Cuesta imaginar una época en que esta titánica sinfonía era desconocida: empieza con los cuatro compases que hoy son los más famosos de la historia de la música (ta-ta-ta-taaa) y ha penetrado en la conciencia colectiva de un modo que poquísimas obras clásicas han conseguido.
Pero pensemos un segundo en la pobre orquesta que tuvo que estrenarla en Viena, con temperaturas bajo cero, en diciembre de 1808. Y tuvo que aprenderla sobre la marcha, pues solo se había ensayado una vez. La velada, en la que se interpretaron otras obras importantes, fue un desastre.

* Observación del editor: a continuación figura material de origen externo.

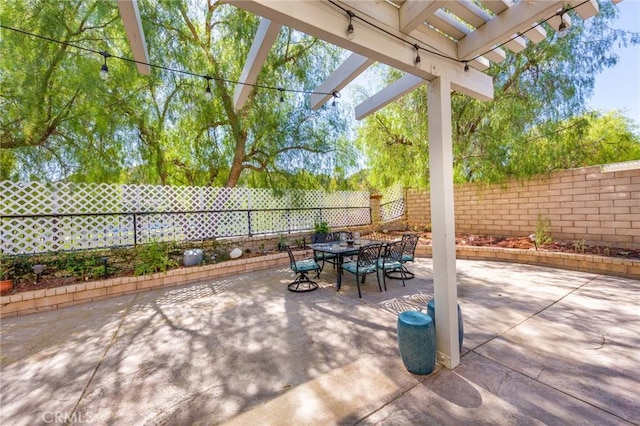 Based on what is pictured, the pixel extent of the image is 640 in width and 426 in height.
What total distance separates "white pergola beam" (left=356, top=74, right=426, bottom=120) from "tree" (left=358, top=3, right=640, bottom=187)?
405 centimetres

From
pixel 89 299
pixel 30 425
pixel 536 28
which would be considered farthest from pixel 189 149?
pixel 536 28

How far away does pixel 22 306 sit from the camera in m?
3.49

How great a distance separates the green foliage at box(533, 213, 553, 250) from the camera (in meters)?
5.22

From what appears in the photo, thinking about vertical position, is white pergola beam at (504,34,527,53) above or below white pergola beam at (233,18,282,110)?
below

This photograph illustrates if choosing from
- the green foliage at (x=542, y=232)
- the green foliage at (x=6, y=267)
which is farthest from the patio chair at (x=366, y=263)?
the green foliage at (x=6, y=267)

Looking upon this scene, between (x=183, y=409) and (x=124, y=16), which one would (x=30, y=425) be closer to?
(x=183, y=409)

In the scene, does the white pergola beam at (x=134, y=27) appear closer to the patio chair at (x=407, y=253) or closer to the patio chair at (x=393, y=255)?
the patio chair at (x=393, y=255)

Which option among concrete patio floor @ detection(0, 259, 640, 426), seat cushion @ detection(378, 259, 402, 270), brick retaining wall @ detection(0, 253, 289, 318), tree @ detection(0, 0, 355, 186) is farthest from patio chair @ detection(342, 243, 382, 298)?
tree @ detection(0, 0, 355, 186)

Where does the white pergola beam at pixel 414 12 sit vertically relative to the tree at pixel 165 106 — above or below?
below

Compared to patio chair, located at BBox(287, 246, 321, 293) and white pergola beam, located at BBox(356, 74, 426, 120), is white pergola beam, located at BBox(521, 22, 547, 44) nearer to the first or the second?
white pergola beam, located at BBox(356, 74, 426, 120)

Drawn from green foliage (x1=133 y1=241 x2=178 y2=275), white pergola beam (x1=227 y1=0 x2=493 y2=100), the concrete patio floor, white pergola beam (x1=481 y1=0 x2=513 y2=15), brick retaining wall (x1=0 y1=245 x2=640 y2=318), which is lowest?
the concrete patio floor

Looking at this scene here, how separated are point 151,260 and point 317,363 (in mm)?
4110

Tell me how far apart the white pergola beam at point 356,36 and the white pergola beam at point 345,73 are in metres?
0.33

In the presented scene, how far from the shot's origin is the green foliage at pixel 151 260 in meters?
4.41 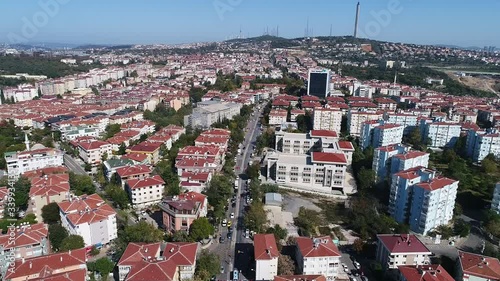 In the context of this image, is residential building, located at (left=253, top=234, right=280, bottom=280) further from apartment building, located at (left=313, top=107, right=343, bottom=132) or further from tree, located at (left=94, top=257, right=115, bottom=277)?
apartment building, located at (left=313, top=107, right=343, bottom=132)

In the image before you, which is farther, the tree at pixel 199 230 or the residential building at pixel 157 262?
the tree at pixel 199 230

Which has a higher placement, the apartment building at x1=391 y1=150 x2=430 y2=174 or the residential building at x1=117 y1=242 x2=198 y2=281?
the apartment building at x1=391 y1=150 x2=430 y2=174

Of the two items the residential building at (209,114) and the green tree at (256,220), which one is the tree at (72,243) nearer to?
the green tree at (256,220)

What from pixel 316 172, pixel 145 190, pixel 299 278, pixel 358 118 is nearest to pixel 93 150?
pixel 145 190

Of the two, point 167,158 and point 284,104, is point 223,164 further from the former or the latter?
point 284,104

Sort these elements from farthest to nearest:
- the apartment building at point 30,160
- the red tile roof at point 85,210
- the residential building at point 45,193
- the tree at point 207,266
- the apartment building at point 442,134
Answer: the apartment building at point 442,134 → the apartment building at point 30,160 → the residential building at point 45,193 → the red tile roof at point 85,210 → the tree at point 207,266

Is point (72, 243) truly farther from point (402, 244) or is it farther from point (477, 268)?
point (477, 268)

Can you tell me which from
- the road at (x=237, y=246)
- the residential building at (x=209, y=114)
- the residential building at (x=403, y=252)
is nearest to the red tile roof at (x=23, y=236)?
the road at (x=237, y=246)

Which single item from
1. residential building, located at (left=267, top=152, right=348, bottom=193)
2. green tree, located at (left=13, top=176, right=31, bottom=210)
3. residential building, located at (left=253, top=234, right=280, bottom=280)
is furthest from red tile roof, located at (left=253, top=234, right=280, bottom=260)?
green tree, located at (left=13, top=176, right=31, bottom=210) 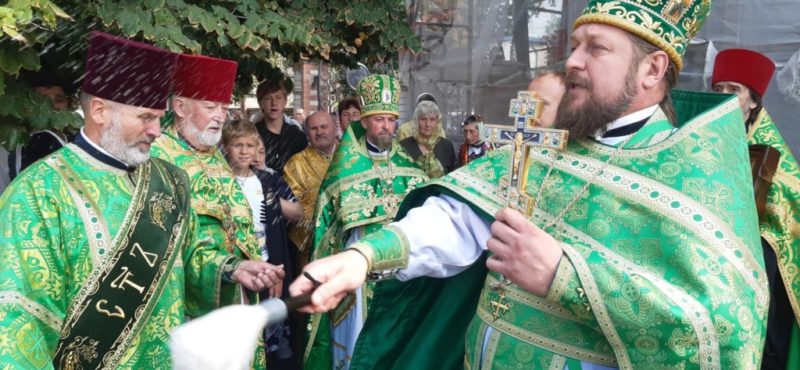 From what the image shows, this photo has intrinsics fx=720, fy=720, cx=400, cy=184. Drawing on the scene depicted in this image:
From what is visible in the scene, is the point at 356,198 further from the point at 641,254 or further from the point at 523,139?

A pesar de todo, no tardó en reconocerse que la Quinta de Beethoven era un monumento y en ocupar un lugar en el canon para toda la eternidad. A causa de sus evidentes dependencias de las sinfonías de Mozart, señala el final de la sinfonía clásica y su influencia en los sinfonistas románticos que esperaban su turno —Brahms, Tchaikovski, Bruckner, Berlioz— fue impresionante. En su vivaz y exuberante cuarto movimiento, en el que pasa a la triunfante tonalidad mayor, percibimos su impacto sobre otros géneros, como el pop y la música para el cine (estoy pensando en ti, John Williams).
Conviene recordar que Beethoven, por entonces, estaba totalmente sordo. El milagro de su genio nos recuerda que nunca hay que subestimar a nadie.